1250 Broadway, 27th Floor New York, NY 10001

DEFACTO TAKING CLAIM WAS MADE TOO LATE

De Facto Taking Claim Fails

de facto taking claim

Image Credit: WaterfrontAlliance.org

Owner claimed de facto taking when City installed storm drains that flooded land designated as a wetland. The firm 594 Associates, Inc. acquired vacant land on Staten Island in 1985. The land was designated freshwater wetlands or wetlands adjacent area, and therefore development was not permitted. On September 26, 2005, the City constructed a headwall on the property’s border with an adjacent street. The headwall contained an outlet for one of the adjacent street’s storm drains and a second overflow outlet. These devices caused storm-water to accumulate on the 594 Associates land during storms. In October 2010, the City of New York acquired the land under eminent domain as part of its South Richmond Bluebelt, Phase 3, Project.

In 2010, Associates Inc. sued the City for damages resulting from the taking. Associates Inc.’s appraiser valued the property as of September 26, 2005, the date when the headwall was constructed and the alleged de facto taking commenced. Associates Inc. also claimed it had no knowledge of the headwall devices until January 2011 when a land use expert investigated the property.

The City moved to strike Associates Inc.’s appraisal report from the record on the theory that the claim for damages for the alleged September 26, 2005 taking was barred by the three-year statute of limitations.

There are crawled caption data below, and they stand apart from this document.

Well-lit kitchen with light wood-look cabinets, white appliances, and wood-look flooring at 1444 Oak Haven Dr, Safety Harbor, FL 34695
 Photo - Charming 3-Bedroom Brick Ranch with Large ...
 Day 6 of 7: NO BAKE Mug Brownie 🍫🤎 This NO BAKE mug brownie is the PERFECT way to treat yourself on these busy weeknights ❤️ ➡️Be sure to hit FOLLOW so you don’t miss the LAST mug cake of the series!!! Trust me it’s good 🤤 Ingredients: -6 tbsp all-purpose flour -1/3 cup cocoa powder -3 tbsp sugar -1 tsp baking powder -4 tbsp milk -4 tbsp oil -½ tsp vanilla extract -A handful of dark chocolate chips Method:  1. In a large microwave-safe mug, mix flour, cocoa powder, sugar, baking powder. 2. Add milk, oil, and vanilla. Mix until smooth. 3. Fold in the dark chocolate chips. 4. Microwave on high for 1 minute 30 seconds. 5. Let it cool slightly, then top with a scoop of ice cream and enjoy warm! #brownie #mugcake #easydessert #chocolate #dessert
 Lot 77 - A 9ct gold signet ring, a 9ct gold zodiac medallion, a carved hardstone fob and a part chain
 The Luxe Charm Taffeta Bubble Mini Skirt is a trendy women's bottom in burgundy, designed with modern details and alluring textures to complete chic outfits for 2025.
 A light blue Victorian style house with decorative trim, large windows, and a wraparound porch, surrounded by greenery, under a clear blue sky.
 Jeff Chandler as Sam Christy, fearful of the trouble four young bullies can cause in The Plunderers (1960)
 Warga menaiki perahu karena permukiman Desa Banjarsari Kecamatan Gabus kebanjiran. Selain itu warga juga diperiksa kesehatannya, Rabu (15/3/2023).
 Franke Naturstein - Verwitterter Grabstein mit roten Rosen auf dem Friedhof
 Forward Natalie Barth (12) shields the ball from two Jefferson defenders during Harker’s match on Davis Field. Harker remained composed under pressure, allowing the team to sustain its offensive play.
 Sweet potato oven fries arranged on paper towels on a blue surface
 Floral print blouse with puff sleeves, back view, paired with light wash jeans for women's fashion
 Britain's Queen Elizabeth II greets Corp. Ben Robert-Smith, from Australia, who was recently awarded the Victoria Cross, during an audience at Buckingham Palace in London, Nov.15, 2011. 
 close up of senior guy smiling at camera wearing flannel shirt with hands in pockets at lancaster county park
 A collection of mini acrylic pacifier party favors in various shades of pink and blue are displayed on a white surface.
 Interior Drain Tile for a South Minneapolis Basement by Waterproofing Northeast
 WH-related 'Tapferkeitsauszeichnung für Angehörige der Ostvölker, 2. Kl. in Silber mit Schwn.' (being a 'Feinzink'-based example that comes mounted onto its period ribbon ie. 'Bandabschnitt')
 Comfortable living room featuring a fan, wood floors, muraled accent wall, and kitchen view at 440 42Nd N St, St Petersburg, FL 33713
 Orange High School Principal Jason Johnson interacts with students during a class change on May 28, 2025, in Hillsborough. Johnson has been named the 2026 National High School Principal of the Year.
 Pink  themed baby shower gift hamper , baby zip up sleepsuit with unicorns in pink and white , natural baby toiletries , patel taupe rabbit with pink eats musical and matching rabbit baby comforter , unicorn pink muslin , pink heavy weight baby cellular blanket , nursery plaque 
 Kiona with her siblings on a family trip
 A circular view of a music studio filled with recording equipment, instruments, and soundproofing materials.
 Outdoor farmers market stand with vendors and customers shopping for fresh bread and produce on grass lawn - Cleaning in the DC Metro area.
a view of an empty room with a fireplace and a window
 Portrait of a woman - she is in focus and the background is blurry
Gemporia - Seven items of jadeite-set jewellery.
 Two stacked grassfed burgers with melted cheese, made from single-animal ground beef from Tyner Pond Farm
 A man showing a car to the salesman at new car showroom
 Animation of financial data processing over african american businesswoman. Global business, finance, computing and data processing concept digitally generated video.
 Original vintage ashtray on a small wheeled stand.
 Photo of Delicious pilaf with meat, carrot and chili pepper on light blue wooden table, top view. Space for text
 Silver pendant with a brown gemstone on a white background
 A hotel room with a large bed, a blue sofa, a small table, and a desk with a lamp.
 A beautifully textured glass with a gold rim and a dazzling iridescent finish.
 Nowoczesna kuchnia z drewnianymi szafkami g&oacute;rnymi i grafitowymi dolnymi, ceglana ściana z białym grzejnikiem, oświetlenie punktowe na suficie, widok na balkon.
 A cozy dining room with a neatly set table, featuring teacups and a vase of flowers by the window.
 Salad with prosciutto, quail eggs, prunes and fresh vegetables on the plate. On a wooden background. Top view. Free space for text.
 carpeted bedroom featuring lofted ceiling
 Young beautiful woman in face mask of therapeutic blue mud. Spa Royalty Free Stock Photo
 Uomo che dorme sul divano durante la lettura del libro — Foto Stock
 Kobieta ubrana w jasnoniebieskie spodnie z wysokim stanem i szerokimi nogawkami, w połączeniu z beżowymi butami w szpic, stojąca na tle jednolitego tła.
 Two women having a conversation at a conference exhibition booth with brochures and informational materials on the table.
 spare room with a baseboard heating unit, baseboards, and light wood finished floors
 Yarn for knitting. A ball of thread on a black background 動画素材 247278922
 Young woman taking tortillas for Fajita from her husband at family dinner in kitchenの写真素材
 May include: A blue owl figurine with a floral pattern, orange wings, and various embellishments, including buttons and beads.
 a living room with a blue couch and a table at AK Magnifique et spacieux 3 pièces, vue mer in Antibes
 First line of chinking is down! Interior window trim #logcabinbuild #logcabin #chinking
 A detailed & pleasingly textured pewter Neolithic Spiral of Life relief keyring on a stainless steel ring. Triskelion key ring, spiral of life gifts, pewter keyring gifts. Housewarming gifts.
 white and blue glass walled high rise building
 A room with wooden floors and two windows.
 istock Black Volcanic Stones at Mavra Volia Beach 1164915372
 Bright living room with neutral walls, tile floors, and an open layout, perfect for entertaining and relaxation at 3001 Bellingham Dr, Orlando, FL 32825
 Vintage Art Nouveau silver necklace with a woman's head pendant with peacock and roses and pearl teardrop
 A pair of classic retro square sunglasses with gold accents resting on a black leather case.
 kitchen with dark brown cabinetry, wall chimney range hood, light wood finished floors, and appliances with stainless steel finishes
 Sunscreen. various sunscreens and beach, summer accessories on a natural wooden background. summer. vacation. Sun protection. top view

The Supreme Court ruled for the City, declaring that Associate Inc. had waited too long to assert its de facto takings claim.

The Appellate Division, Second Department affirmed. Just compensation is determined by the property’s market value at the time of the taking. Where an owner can establish a de facto taking occurred before the formal one, the owner will be entitled to just compensation beginning on the earlier de facto taking date. However, a de facto taking claim has a three-year statute of limitations to recover damages. Associates Inc. had until September 2008 to act. Its 2010 claim was too late.

In the Matter of South Richmond Bluebelt, Phase 3, 35 N.Y.S.3d 628 (2d Dep’t 2016) (Attorneys: Michael Rikon, for 594 Associates, Inc.; Zachary W. Carter, Michael Chestnov, Rochelle Cohen, for City).

By: Alexis Shankman (Alexis is a student writer for CityLaw and student at New York Law School, Class of 2018).